Makes a statement, don’t you think? It isn’t just the gay or barren communities you/we are not treating to love and kindness, we are still invoking Old Testament laws that blame the victim, create outcasts.

Which brings me to the Jesus thing. Jesus did not talk about homosexuality as a sin. Paul did. You remember Paul, right? Zealot Roman bent on murdering Christians until he had a vision and then went on to be a heavily publicized pro-Christian Zealot who still retained his Roman inclinations against non-productive sexuality. Paul was still hoping for a Roman empire, albeit full of Christians. His previous ideology included creating mini-Romans, so, it makes sense that he would have a fit about homosexuals. It makes sense, too, from a historical perspective, that he would have some knee-jerk responses to Greek society and the Spirit of Christ moving among them. Must have been more than a challenge to come face to face with an entire nation which openly supported homosexual sexual expression, partly because they lived on islands with limited resources, and had to maintain sustainable populations or die as a nation.

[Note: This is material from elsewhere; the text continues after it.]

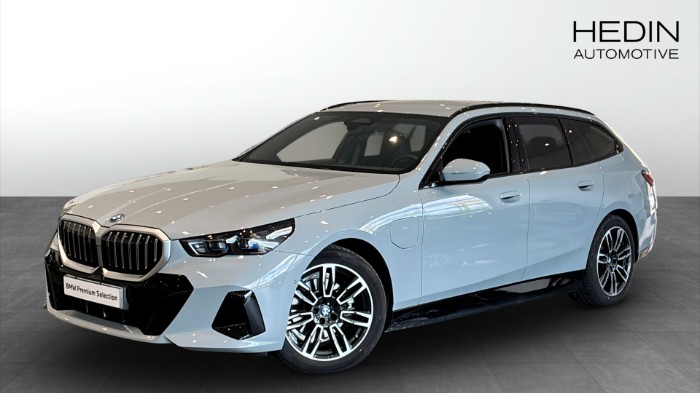 xDrive Touring M Sport Drag, Driving Assistant, Rattvärme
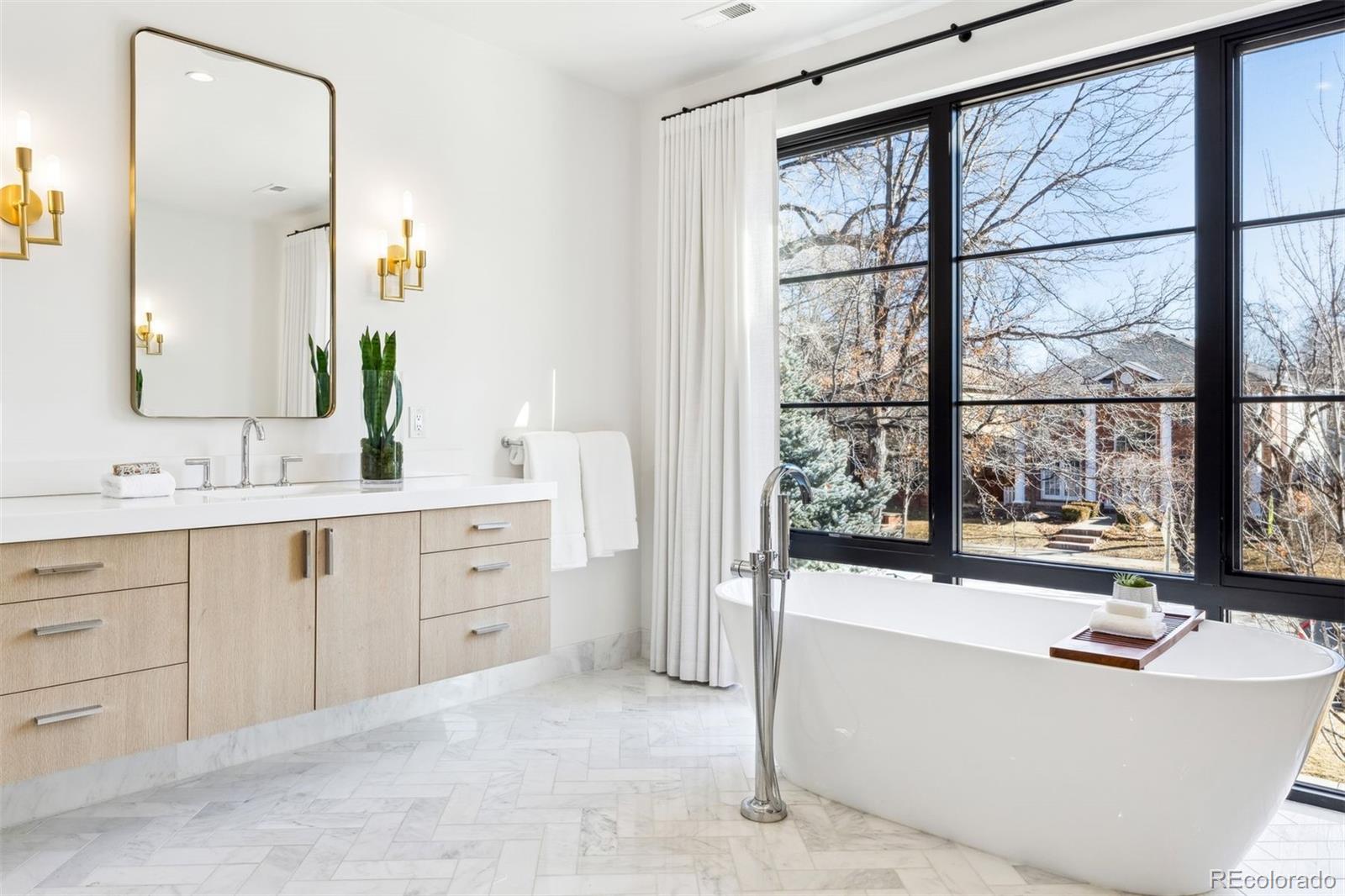 MLS Image #25 for 2475 s saint paul street,denver, Colorado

Whenever I hear or read Paul’s comments about wishing people could be like he is, I translate it to the modern ‘Whatever’ thrown around by so many Christians who fear taking time to review their faith in God, their Trust that maybe God can do what He said He’d do, with or without their interference and/or help.

My reasoning? Check out what Jesus said when the Roman authorities suggested he get his followers to stop the parade and the shouts of ‘Hosanna’.
If even the rocks and stones would sing His praise, maybe we’d better just stop the hate speech and take notice.

If you are allowing someone else’s sexuality to interfere with your relationship with God, it isn’t the other person who is at fault. It’s you.